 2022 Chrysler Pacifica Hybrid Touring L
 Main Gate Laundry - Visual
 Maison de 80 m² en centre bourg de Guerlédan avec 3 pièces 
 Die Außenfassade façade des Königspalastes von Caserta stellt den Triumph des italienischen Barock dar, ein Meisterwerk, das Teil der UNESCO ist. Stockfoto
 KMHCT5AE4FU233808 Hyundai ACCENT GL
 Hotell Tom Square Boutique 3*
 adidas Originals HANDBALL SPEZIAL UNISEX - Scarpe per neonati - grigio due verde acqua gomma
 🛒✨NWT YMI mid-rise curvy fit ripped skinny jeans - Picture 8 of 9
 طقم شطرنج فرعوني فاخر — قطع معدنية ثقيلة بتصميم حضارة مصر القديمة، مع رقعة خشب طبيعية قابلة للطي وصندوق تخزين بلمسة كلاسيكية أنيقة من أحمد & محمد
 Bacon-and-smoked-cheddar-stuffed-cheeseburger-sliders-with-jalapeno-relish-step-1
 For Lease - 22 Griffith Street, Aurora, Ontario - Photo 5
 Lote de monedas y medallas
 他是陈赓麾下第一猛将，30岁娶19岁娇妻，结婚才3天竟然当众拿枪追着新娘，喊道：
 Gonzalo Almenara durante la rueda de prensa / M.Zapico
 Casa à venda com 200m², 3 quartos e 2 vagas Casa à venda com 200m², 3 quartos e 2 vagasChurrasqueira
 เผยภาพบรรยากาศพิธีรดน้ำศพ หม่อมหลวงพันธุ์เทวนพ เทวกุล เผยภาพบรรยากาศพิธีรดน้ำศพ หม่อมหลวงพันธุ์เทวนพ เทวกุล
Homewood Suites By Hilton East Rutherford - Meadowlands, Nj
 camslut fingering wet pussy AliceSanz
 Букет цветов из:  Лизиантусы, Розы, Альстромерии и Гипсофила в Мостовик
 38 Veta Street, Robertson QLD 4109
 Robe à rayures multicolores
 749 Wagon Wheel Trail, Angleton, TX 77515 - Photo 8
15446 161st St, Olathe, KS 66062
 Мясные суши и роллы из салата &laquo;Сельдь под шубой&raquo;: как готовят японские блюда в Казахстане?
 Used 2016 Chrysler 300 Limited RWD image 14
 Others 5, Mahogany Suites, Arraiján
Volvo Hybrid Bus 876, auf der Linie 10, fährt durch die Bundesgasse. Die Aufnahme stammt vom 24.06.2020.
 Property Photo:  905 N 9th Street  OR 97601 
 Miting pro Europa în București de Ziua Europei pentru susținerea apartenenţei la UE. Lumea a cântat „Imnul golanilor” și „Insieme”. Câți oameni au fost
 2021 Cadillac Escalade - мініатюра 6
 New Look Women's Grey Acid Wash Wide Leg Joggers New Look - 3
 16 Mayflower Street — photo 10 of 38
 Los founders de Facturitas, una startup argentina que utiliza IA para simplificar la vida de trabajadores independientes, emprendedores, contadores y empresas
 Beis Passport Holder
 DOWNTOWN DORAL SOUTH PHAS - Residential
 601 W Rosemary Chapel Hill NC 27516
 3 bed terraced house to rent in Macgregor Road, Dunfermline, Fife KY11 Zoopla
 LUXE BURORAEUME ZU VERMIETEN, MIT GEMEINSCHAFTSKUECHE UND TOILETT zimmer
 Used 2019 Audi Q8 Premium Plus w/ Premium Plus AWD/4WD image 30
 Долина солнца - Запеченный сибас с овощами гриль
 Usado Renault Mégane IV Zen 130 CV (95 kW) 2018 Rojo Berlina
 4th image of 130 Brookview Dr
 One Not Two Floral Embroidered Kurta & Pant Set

**Action item:**
Start from the line that holds "601 W Rosemary Chapel Hill NC 27516" and print each line to the end of the records exactly, leaving out everything before it.

**Answer box:**
 601 W Rosemary Chapel Hill NC 27516
 3 bed terraced house to rent in Macgregor Road, Dunfermline, Fife KY11 Zoopla
 LUXE BURORAEUME ZU VERMIETEN, MIT GEMEINSCHAFTSKUECHE UND TOILETT zimmer
 Used 2019 Audi Q8 Premium Plus w/ Premium Plus AWD/4WD image 30
 Долина солнца - Запеченный сибас с овощами гриль
 Usado Renault Mégane IV Zen 130 CV (95 kW) 2018 Rojo Berlina
 4th image of 130 Brookview Dr
 One Not Two Floral Embroidered Kurta & Pant Set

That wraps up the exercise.